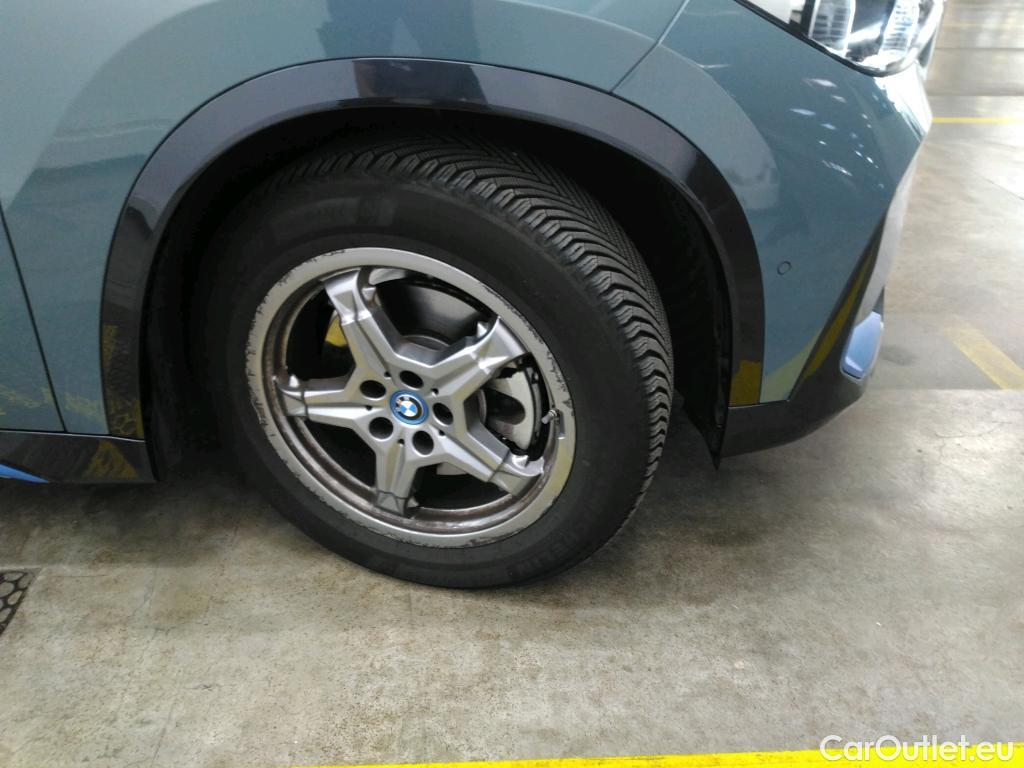  Bmw  iX 1 Série iX1 30 xDrive xLine 64kWh BVA #1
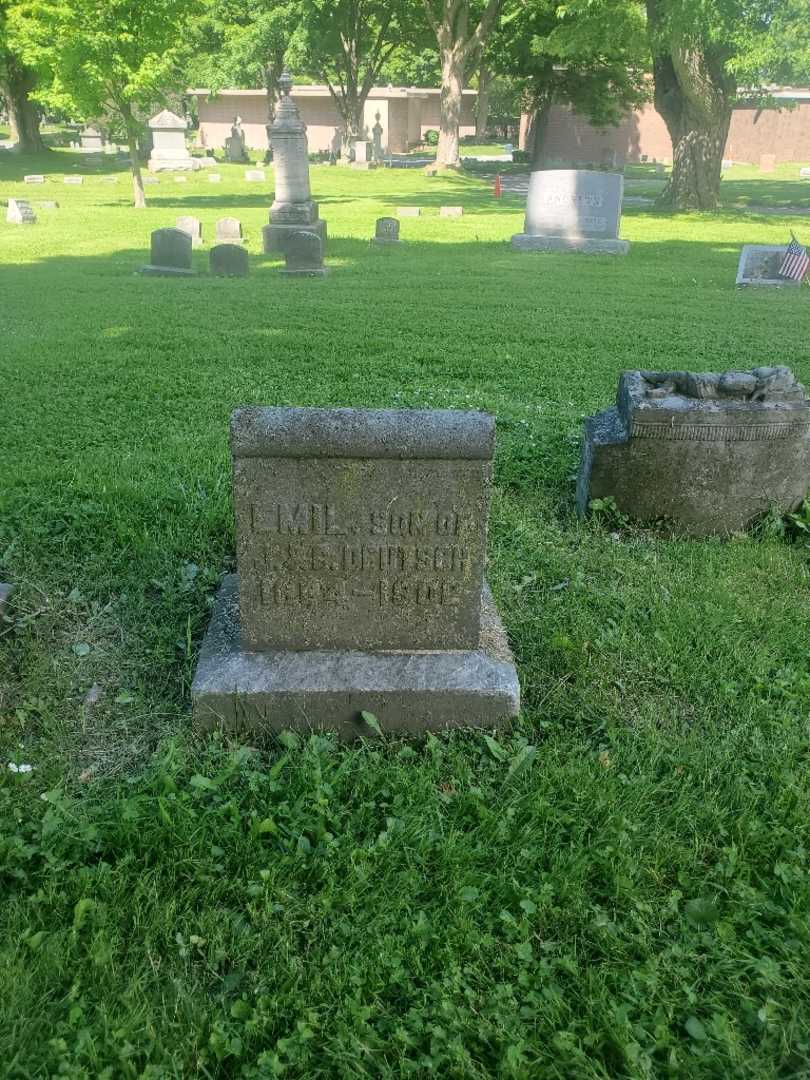 Emil Deutch's grave. Photo 3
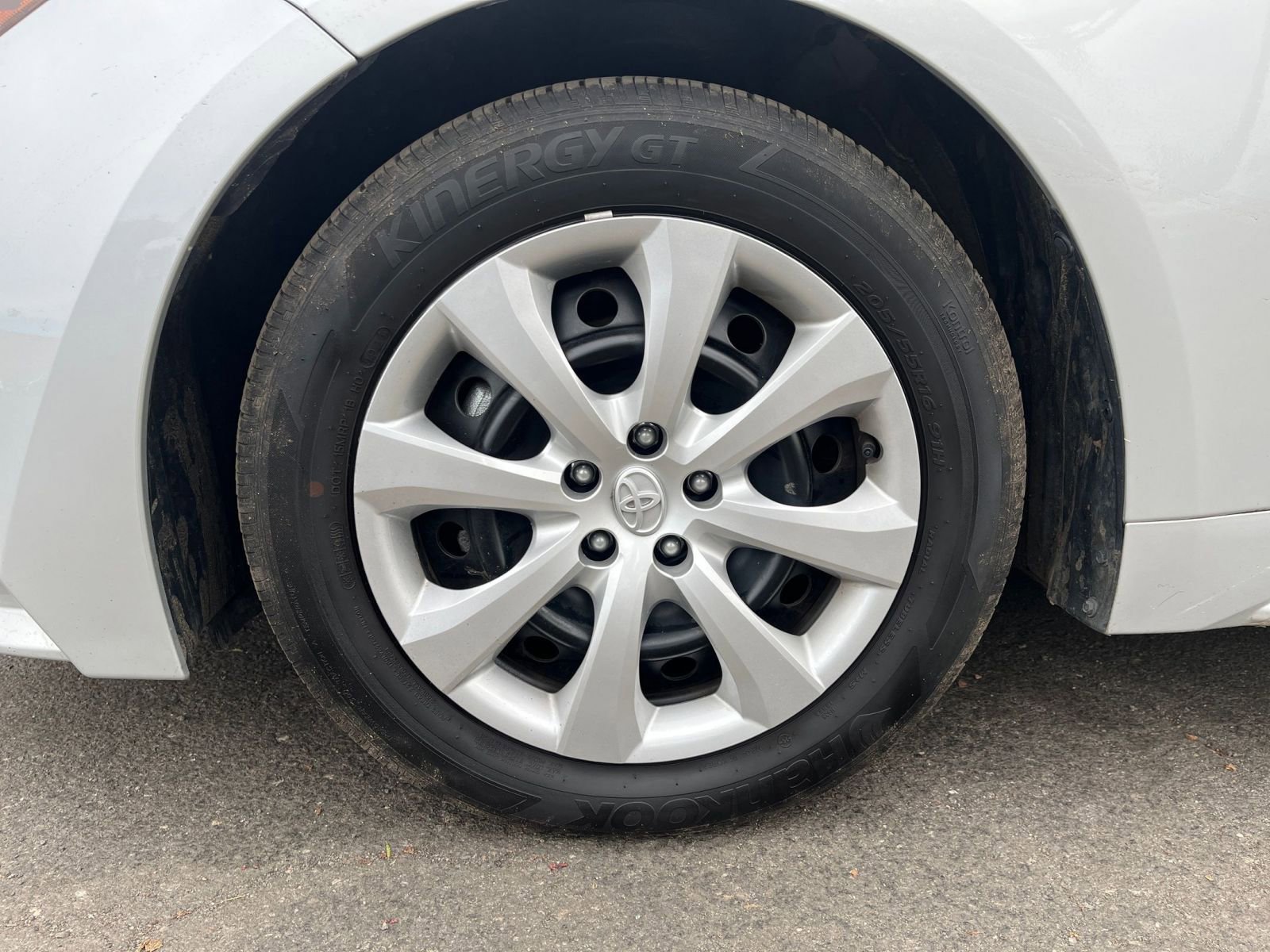 Used 2025 Toyota Corolla LE image 28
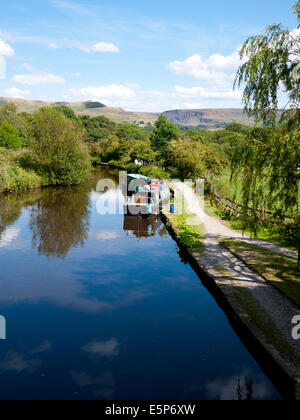 Chiatte ormeggiate sul canale di Huddersfield a Freizland, Greenfield, Greater Manchester, UK. Foto Stock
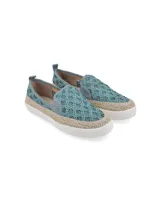 Alpargatas tipo slip-on Hush Puppies, con capellada de tejido trenzado en color turquesa, detalle de yute en la entresuela y suela blanca de caucho termoplástico.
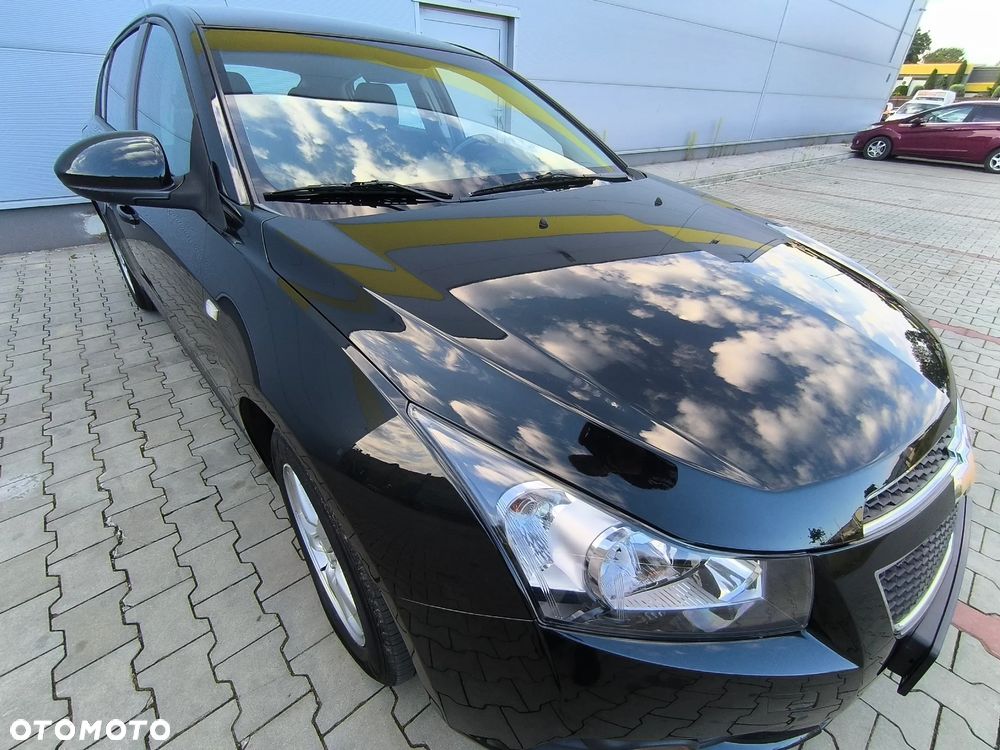 Chevrolet Cruze 1.6 LS - 16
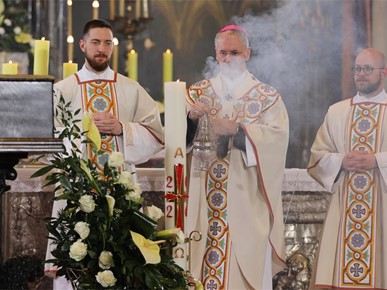 /A/2026/4/USKRS/260405 Nadbiskup Kutleša predvodio misu na Uskrs (37).JPG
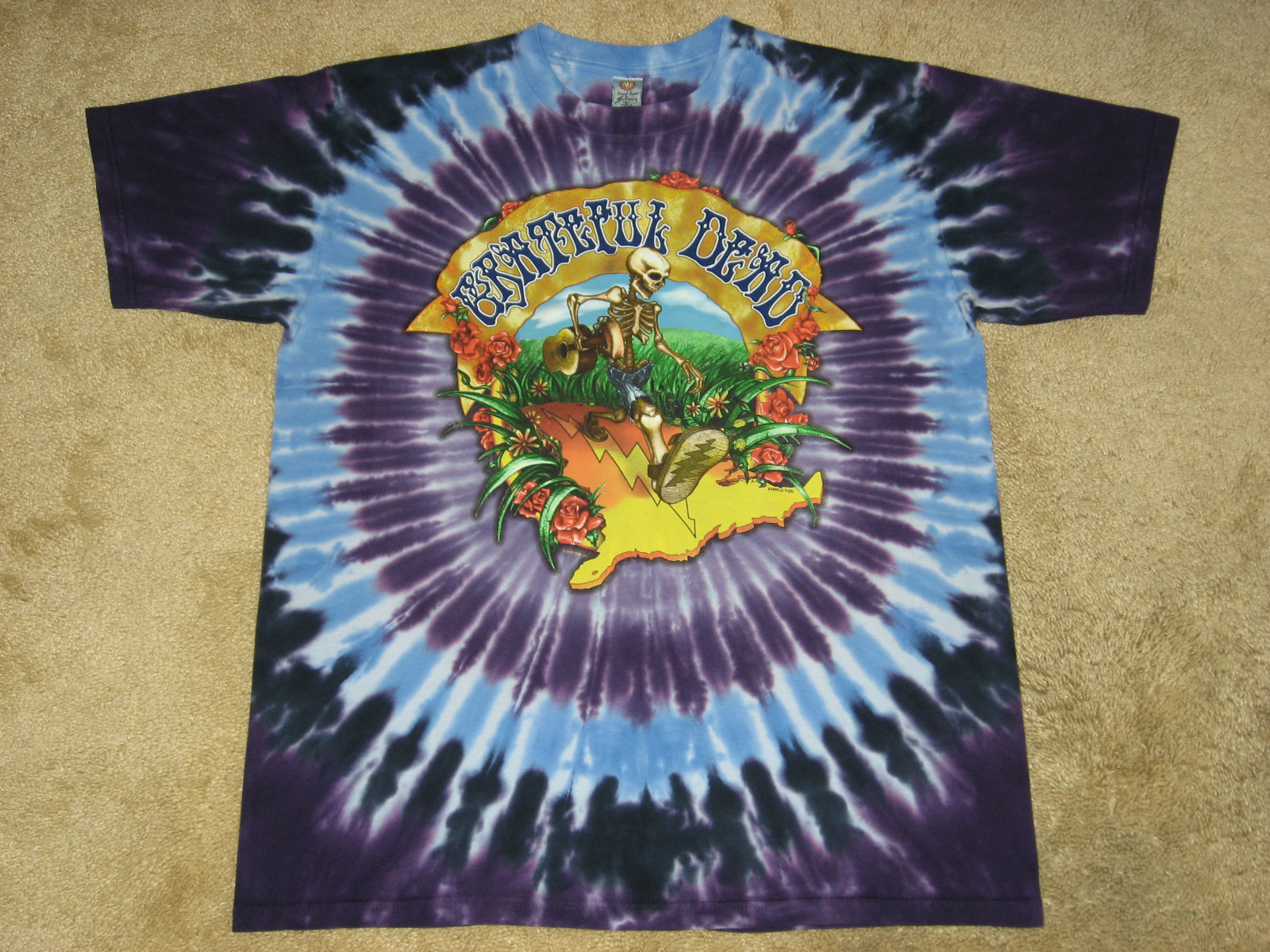 Grateful Dead Walking Coast to Coast M, L, XL, 2XL, 3XL, 4XL Tie Dye T-Shirt gallery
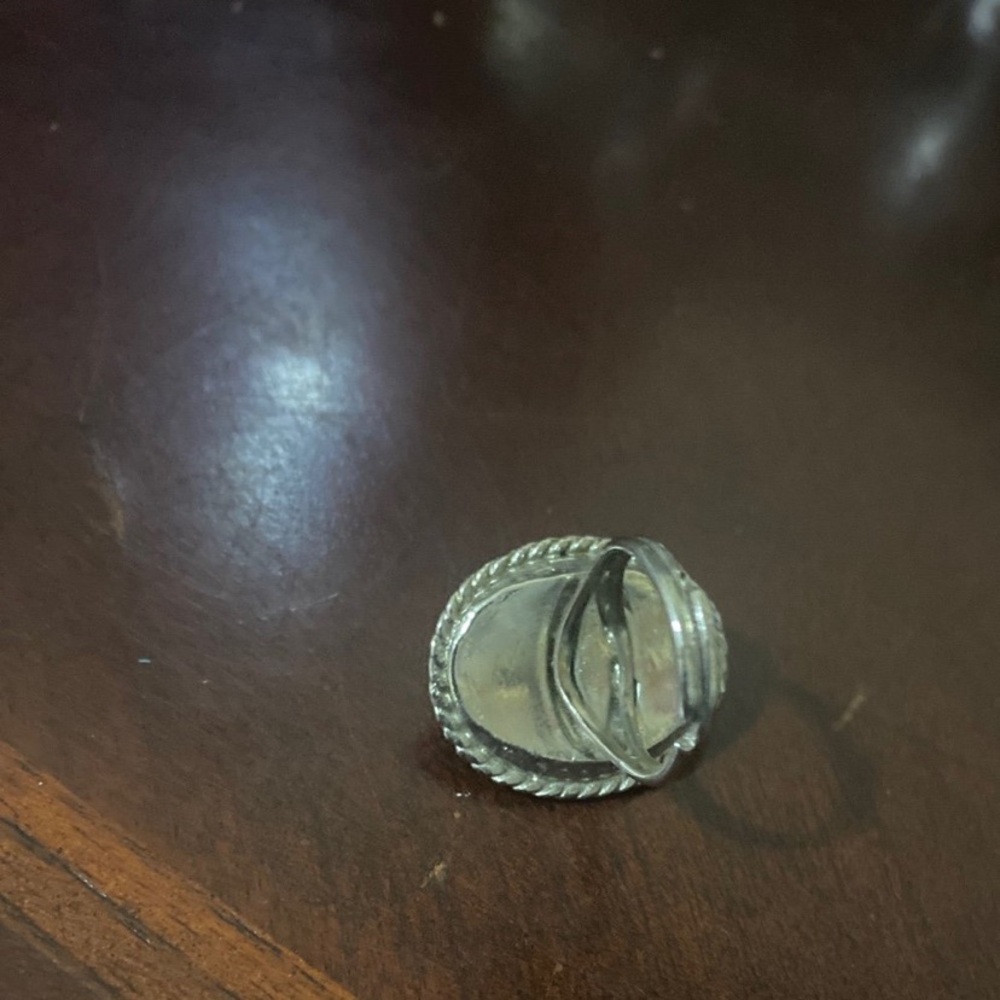 Acrylic ring - Picture 4 of 6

▶ **What is being asked**: Leave every image out and retype the entries above word for word.

▶ **Written solution**:
  Bmw  iX 1 Série iX1 30 xDrive xLine 64kWh BVA #1
 Emil Deutch's grave. Photo 3
 Used 2025 Toyota Corolla LE image 28
 Chiatte ormeggiate sul canale di Huddersfield a Freizland, Greenfield, Greater Manchester, UK. Foto Stock
 Alpargatas tipo slip-on Hush Puppies, con capellada de tejido trenzado en color turquesa, detalle de yute en la entresuela y suela blanca de caucho termoplástico.
 Chevrolet Cruze 1.6 LS - 16
 /A/2026/4/USKRS/260405 Nadbiskup Kutleša predvodio misu na Uskrs (37).JPG
 Grateful Dead Walking Coast to Coast M, L, XL, 2XL, 3XL, 4XL Tie Dye T-Shirt gallery
 Acrylic ring - Picture 4 of 6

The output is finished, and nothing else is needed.